The study proposes a regional compact among Ohio, Michigan, and Indiana to clean up Lake Erie, modeled after a successful strategy used to reduce pollution in Chesapeake Bay under an executive order issued by President Obama. As with the Chesapeake plan, such an initiative in this region also would require the active participation of the U.S. Environmental Protection Agency.

Ohio “is doing what it can within the state’s borders,” UT law professor Kenneth Kilbert, the director of the Legal Institute of the Great Lakes and a co-author of the report, told The Blade’s editorial page. “But it’s a multistate problem, and it has to involve federal agencies too.”

As previous studies have done, the report calls on the General Assembly and state regulatory agencies to take stronger measures to cut by 40 percent the level of phosphorous pollution of Lake Erie from Ohio sources. Such pollution feeds toxic algae; more than two-thirds of it is caused by runoff of fertilizer and manure from farm fields into waterways.

The new state law will begin the process of curbing agricultural runoff by limiting winter applications of manure and fertilizer. But as the report notes, the state needs to do more to regulate the factory farms known as concentrated animal feeding operations, which are major generators of manure.

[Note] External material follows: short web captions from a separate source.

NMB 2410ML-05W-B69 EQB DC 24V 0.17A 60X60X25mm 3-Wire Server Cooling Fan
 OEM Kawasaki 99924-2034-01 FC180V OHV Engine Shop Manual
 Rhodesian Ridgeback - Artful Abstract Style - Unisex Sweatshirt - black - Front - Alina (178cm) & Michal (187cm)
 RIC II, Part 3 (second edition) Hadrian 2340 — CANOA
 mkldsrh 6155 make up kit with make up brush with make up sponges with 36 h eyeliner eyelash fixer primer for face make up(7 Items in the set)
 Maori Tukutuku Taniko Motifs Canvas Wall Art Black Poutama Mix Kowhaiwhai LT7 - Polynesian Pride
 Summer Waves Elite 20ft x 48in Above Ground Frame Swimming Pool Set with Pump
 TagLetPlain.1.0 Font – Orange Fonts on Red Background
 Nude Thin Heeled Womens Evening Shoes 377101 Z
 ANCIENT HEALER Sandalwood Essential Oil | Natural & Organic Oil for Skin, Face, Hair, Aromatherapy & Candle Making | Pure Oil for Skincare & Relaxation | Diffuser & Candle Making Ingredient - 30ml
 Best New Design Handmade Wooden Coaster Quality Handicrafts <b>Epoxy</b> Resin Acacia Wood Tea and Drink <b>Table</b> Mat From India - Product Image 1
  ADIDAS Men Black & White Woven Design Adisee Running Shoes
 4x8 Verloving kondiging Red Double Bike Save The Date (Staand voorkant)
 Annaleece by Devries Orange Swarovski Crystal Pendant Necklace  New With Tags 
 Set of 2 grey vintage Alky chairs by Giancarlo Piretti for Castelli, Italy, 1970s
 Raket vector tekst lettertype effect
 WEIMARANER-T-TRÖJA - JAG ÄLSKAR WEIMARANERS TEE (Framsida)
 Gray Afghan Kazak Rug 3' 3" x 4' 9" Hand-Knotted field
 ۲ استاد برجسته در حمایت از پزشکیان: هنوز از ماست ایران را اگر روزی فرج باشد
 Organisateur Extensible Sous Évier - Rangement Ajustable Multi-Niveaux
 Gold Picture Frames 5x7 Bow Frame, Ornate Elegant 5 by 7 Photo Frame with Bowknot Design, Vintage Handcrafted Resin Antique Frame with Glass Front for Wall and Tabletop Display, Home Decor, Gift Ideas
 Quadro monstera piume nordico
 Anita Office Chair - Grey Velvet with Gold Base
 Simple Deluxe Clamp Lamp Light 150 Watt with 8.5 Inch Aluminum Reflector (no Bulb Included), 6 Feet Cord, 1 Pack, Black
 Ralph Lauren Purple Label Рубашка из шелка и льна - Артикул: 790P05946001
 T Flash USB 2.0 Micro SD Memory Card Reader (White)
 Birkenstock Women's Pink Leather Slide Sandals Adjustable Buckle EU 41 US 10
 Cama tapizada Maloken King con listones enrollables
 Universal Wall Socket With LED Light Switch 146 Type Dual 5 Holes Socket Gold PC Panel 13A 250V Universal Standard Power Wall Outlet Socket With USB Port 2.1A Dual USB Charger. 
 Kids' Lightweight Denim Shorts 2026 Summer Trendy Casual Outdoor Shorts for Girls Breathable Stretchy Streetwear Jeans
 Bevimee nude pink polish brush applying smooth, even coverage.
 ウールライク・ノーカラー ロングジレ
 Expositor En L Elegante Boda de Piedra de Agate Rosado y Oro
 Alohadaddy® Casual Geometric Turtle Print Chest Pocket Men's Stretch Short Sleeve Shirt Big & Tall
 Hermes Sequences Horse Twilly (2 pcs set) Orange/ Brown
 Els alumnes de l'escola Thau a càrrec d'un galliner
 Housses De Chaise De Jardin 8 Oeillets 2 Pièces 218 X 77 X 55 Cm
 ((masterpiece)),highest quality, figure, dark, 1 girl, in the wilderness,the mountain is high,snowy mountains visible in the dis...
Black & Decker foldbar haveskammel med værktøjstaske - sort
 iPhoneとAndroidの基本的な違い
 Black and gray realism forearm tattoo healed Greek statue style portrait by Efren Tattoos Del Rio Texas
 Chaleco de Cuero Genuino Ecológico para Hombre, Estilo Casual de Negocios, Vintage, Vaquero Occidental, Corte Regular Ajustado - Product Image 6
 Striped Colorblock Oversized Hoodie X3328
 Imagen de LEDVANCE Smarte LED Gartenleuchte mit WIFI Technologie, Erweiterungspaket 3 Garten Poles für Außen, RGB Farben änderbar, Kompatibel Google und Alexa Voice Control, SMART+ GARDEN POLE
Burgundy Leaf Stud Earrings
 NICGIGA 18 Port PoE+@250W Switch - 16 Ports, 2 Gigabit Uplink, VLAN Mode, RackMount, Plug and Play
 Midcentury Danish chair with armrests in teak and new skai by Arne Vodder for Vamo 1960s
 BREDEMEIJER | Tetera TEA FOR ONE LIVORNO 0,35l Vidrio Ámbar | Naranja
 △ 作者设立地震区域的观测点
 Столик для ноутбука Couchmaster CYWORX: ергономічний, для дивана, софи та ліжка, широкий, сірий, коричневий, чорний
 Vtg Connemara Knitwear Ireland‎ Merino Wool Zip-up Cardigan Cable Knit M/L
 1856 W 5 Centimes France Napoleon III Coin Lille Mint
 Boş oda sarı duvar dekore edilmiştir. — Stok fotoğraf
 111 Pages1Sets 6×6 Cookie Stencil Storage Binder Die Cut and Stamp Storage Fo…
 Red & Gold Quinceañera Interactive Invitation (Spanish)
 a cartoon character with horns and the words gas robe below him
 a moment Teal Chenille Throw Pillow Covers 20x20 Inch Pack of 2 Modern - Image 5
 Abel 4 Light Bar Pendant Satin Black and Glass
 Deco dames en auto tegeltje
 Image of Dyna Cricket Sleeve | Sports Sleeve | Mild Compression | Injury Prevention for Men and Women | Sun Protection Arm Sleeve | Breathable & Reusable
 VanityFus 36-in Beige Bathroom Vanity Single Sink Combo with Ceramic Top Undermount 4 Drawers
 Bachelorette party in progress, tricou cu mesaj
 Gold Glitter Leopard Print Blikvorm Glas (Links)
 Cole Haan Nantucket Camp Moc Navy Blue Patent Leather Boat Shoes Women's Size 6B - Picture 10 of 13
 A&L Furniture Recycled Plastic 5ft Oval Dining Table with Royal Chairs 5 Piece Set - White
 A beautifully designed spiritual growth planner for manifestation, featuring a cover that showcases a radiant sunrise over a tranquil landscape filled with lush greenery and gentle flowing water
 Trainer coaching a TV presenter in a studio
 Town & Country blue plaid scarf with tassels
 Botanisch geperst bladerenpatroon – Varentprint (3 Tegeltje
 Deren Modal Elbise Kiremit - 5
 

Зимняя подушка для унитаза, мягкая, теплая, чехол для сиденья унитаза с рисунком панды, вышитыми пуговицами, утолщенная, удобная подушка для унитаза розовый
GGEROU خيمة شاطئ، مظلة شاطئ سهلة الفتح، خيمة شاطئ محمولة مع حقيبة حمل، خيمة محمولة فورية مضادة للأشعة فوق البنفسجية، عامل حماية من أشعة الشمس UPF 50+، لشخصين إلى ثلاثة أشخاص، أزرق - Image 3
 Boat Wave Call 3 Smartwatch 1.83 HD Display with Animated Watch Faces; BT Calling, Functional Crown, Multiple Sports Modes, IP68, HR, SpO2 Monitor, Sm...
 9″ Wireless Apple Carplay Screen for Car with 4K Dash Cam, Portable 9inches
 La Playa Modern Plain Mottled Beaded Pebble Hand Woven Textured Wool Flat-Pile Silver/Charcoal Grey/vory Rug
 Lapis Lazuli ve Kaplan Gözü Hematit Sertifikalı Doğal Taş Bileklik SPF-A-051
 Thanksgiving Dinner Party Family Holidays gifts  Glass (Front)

The study calls for greater controls on the use of commercial fertilizers, on lawns as well as farms. It seeks stricter regulation of discharges into Lake Erie by large municipal sewage treatment plants and storm-water systems.

The report also proposes stricter enforcement measures against homeowners whose sewage treatment systems are major pollution sources. Such proposals counteract the complaint that farmers are expected to bear a disproportionate share of responsibility for cleaning up the lake.

Lucas County Commissioner Carol Contrada said she and her board colleagues will use the report as the basis of public hearings and meetings with elected officials, aimed at producing a plan for carrying out its recommendations.

Ms. Contrada correctly identifies maintaining the quality of Lake Erie — the source of drinking water for more than 3 million Ohioans, as well as an indispensable economic asset — as this region’s greatest environmental challenge. The new report provides a useful plan to help meet that challenge; now it requires purposeful action.